Partir de Cristo Misericordioso

Neste início do novo milênio, diante do vasto horizonte pastoral da Igreja, “Partir de Cristo” foi a grande e renovada indicação de São João Paulo II (cf. Novo Millennio Ineunte, 29-41), visando “suscitar em nós um dinamismo novo” e permitir avançarmos para águas mais profundas (cf. Lc 5,4 ss).

Partir de Cristo pressupõe um verdadeiro cristocentrismo compreendido desde o próprio Mistério de Cristo, da “economia do mistério” (Ef 3,9), cuja essência é o “desígnio benevolente” do Pai, desígnio de amor e infinita misericórdia (cf.
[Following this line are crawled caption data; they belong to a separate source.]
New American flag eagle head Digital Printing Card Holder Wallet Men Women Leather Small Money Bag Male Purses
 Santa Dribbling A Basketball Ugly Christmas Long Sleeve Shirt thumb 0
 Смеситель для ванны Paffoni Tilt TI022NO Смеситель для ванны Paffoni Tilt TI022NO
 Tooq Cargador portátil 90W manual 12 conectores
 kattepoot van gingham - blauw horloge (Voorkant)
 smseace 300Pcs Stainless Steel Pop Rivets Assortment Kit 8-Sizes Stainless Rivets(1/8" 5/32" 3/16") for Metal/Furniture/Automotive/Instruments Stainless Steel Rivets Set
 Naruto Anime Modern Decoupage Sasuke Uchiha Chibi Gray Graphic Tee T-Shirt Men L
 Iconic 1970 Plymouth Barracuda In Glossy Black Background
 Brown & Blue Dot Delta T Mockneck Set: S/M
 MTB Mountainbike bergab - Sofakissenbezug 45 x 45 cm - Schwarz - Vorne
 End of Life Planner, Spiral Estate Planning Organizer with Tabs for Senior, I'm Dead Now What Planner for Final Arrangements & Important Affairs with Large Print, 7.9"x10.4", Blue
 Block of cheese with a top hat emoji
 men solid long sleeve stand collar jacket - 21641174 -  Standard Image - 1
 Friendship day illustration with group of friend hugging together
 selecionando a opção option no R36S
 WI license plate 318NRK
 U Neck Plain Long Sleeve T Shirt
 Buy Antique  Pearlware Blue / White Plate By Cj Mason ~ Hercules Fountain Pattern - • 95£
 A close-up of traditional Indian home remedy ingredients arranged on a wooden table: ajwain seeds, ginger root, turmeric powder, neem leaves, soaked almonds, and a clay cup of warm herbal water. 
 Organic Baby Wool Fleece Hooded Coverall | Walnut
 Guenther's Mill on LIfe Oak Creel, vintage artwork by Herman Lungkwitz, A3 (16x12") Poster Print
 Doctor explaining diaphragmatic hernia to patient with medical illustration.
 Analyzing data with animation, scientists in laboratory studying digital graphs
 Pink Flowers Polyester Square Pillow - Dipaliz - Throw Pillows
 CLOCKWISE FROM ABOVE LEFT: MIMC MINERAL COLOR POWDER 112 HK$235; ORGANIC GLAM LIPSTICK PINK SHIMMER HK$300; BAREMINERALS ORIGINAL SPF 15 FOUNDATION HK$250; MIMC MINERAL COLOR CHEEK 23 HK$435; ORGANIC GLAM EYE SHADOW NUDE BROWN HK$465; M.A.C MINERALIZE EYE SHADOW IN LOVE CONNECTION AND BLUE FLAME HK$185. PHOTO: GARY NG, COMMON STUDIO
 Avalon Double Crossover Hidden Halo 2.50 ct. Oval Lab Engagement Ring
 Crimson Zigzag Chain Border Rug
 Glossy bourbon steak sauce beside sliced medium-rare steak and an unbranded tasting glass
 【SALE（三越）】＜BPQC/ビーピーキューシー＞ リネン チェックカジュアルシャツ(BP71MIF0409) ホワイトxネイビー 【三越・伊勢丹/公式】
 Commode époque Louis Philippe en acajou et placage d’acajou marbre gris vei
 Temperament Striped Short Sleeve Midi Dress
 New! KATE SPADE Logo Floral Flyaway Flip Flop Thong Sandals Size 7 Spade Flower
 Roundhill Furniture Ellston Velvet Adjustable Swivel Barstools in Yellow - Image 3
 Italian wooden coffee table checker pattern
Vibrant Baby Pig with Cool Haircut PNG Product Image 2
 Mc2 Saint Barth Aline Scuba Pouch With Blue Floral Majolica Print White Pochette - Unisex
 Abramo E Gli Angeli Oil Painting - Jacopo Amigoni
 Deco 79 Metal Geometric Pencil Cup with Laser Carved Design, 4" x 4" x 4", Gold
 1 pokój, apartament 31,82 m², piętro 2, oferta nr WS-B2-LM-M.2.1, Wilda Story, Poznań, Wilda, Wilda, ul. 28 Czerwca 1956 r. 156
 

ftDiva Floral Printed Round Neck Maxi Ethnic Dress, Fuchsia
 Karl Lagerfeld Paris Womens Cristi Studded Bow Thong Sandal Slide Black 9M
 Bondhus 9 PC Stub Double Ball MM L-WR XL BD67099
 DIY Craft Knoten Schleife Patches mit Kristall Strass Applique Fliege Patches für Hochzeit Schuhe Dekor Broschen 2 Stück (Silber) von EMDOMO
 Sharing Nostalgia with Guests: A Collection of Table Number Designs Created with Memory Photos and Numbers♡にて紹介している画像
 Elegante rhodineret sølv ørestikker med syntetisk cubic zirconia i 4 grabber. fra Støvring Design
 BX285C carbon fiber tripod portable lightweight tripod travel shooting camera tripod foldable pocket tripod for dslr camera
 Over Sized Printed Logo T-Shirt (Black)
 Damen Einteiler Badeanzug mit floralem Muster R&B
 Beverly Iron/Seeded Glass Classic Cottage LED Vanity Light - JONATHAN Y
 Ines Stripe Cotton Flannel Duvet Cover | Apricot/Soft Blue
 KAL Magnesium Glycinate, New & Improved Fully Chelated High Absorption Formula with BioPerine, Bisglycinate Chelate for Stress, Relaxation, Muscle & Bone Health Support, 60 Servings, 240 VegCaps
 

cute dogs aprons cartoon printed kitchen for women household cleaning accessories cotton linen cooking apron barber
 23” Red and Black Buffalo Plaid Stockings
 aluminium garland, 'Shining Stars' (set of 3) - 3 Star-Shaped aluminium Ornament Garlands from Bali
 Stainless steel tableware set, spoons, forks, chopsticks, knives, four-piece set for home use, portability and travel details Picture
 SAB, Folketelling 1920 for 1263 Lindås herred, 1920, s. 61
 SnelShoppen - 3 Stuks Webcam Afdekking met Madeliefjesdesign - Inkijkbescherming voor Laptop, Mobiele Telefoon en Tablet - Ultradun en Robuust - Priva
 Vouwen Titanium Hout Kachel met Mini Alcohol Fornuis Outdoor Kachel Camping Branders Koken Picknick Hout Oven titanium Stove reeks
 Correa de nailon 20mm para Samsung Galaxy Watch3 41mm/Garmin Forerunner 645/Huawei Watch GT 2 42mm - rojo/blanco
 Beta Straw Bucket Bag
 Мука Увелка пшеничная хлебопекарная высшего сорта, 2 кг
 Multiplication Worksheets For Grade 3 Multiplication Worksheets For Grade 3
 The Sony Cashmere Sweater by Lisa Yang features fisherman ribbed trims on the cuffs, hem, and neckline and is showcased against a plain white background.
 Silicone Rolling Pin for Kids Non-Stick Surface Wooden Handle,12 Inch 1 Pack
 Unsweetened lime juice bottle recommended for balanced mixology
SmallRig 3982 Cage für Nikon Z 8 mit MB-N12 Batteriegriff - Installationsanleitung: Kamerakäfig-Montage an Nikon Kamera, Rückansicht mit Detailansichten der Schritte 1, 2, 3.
Ef 1,9). Partir de Cristo significa, em primeiro lugar, contemplar esse mistério no coração transpassado do Crucificado, do qual jorram sangue e água (cf. Jo 19,34 ss), pois é “a partir desse olhar contemplativo que o cristão encontra o caminho do seu viver e amar” (cf. Bento XVI, Deus Caritas Est, 12).

O Papa Francisco declarou esperar um “Pentecostes teológico”, no qual, antes de tudo, deve-se partir do Evangelho da misericórdia, da “centralidade da misericórdia”, uma vez que “a teologia depois da Veritatis Gaudium é querigmática, uma teologia do discernimento, da misericórdia...” (Discurso de 21 de junho de 2019).

Isso só pode acontecer mediante a via de sempre do cristocentrismo, isto é, do mistério de Cristo como um desígnio eterno de misericórdia: “De fato, o ‘Original’ que à sagrada doutrina importa conhecer antes de tudo e, portanto, o primeiro objeto de interesse teológico, é o Crucificado glorioso predestinado desde sempre, e, portanto, sua vida com seus acontecimentos, nos quais ocorre a manifestação detalhada do eterno plano gerado e motivado pela divina misericórdia. Neste sentido, a teologia cristã é originalmente crística” (Monsenhor Inos 
Biffi, Um método infalível para renovar a teologia. L’Osservatore Romano, 27 de julho de 2010).

Mas como no tempo da Igreja toda a economia da salvação é uma economia sacramental, também a economia da misericórdia exige uma abordagem teológico-litúrgica. Bento XVI, em seu discurso inaugural da V Conferência de Aparecida (n.4), afirmou: “Só da Eucaristia brotará a civilização do amor, que transformará a América Latina e o Caribe, para que, além de ser o continente da Esperança, seja também o continente do Amor!”. Para ele, “transformar-se em amor é a única adoração verdadeira” (Opera Omnia, Teologia della Liturgia, vol. XI, p. 58, LEV, 2010), uma humanidade que, transformada em amor, é uma glorificação viva de Deus, o culto verdadeiro que Deus espera. O homem vivo – isto é, que se tornou glória para Deus – é ele mesmo adoração, sacrifício. 

É uma compreensão cristocêntrica, que se dá em três níveis ou três passos:  mistério, celebração e vida (cultura). A partir dessa fórmula, podemos igualmente dizer que uma cultura da misericórdia brota da Eucaristia, até porque o Documento de Aparecida caminha sempre no sentido da transfiguração da cultura. Na verdade, é a “cultura” que está em situação escatológica; portanto, a anelada civilização do amor, que se coloca como a meta da Doutrina Social da Igreja, depende, obrigatoriamente, do florescimento de uma cultura da misericórdia, se quisermos ser coerentes com tudo o que foi exposto acima.

Para que amadureça como cultura, essa percepção cristocêntrica da misericórdia precisa se articular – metodologicamente – como experiência vivida do Mistério (o tempo), momentos litúrgicos (o culto) e construção de mentalidades e ações concretas no mundo (a cultura). Assim, caminhamos para cada vez mais “Partir de Cristo Misericordioso”.